Abstract:
Electric circuit breaker with means for adjusting the contacts comprising, for each electric phase, moving levers having main contacts and arc-breaking contacts co-operating with main contacts and arc-breaking contacts provided on a terminal bar there being provision for the levers loaded by springs to be supported by a crank pivoting about a pin and for the crank to be operationally connected to a link-rod articularly joined to an operating shaft and for each end of the operating shaft to have translatable and position-adjustable supports.

Description:
BACKGROUND OF THE INVENTION 
     The invention relates to an electric circuit breaker with means for adjusting the contacts, comprising for each electric phase moving levers having main contacts and arc-breaking contacts co-operating with main contacts and arc-breaking contacts provided on a terminal bar. 
     It is known from the prior art that industrial low-voltage circuit breakers accomplish two tasks in the main: allowing the flow of a rated current and interrupting higher overload or short-circuit currents. These two tasks, investigated from the point of view of the electric contacts, are mutually conflicting. 
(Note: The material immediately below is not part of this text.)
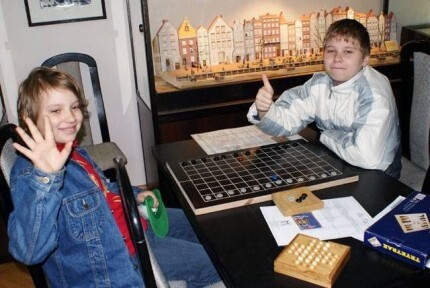PRL-owskie gry w muzeum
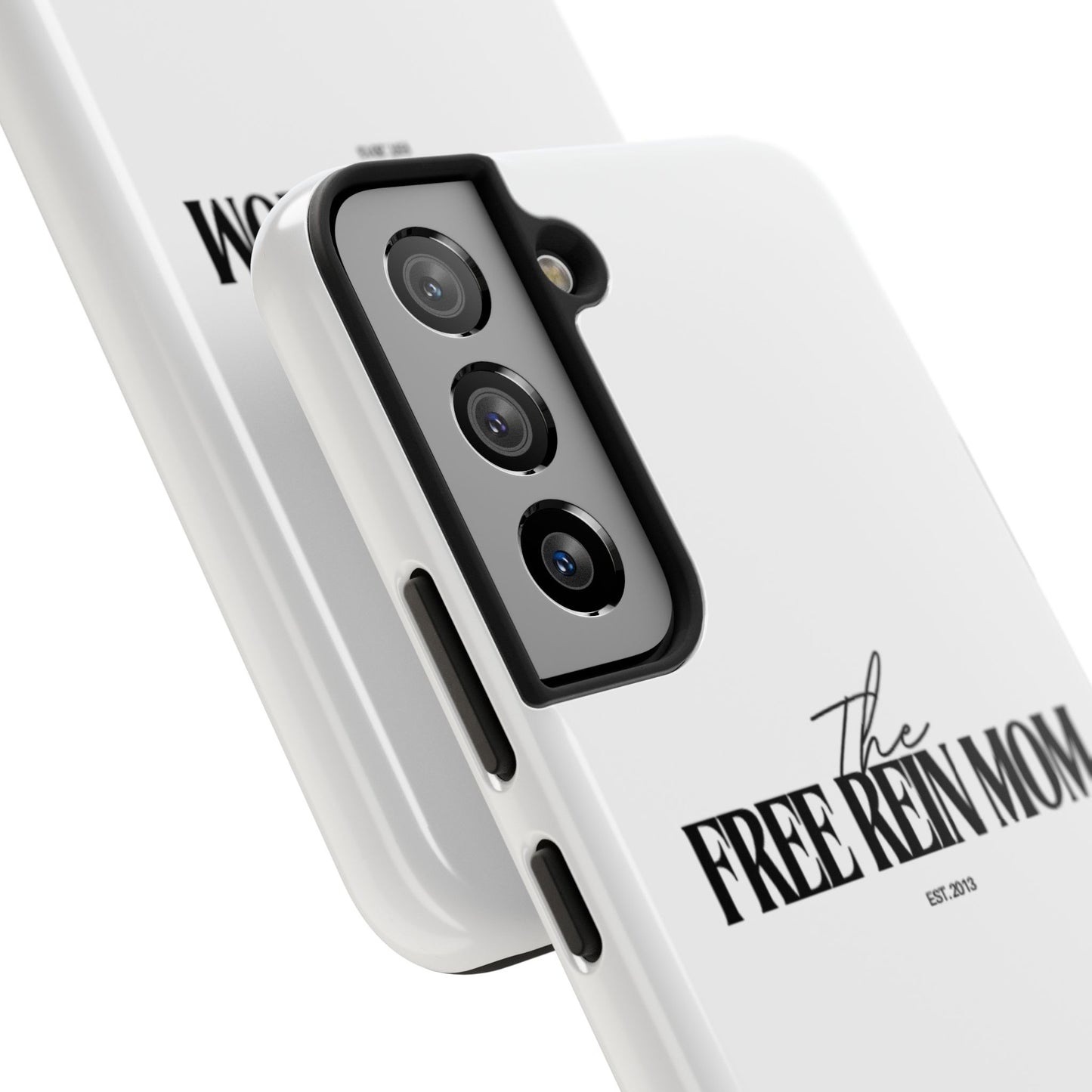 Free Rein Phone Cases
     Thus, in order to guarantee low consumption and a low working temperature during the flow of the rated current, the electric contacts require a small resistivity. On the other hand, for the purpose of interrupting overcurrents, the requirement demanded of the electric contacts is a high resistance to the electric arc generated during the interruption of an overcurrent or short-circuit and hence high resistivity. 
     Being impossible to satisfy with the same material the requirement of low resistivity and high thermal resistance simultaneously the tasks of transmitting the rated current and of interrupting overcurrents are accomplished by two distinct contacts made from different materials. 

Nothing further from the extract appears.